• Supplied data:
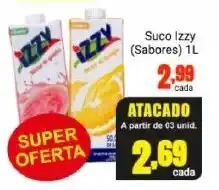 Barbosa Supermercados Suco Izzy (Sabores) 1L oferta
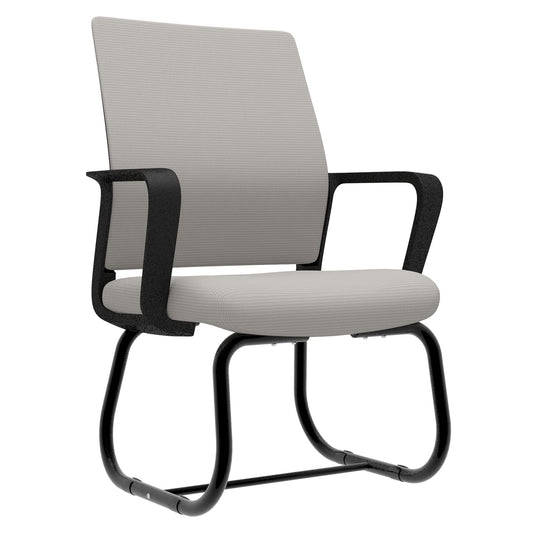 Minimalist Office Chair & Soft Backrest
---
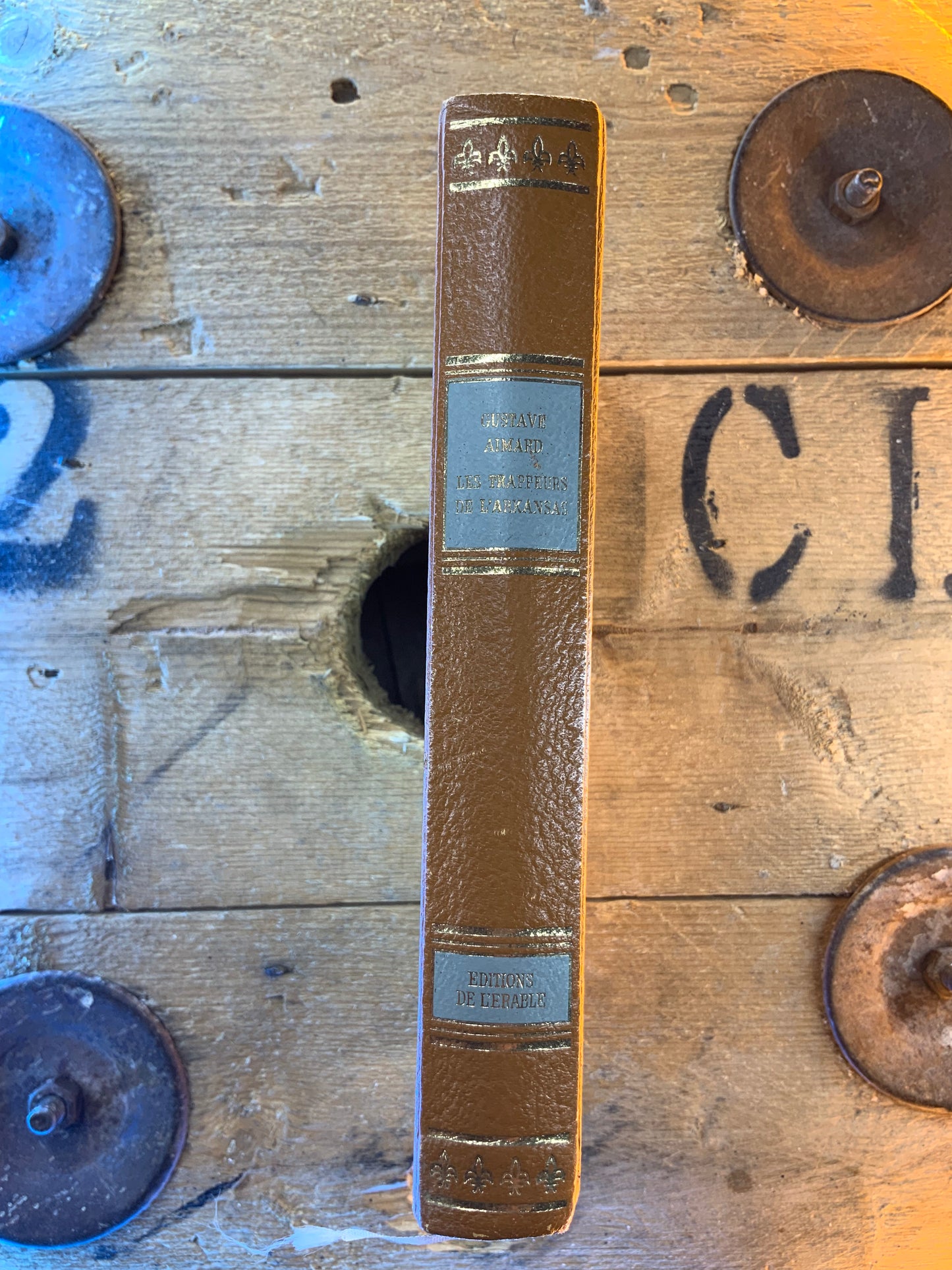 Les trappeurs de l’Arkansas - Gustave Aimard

• What you will do:
Write back the stretch of lines above that begins with the line holding "Barbosa Supermercados Suco" and ends with the line holding "Minimalist Office Chair & Soft Backrest", both included, exactly as written. Pictures stay out.

• Exercise answer:
 Barbosa Supermercados Suco Izzy (Sabores) 1L oferta
 Minimalist Office Chair & Soft Backrest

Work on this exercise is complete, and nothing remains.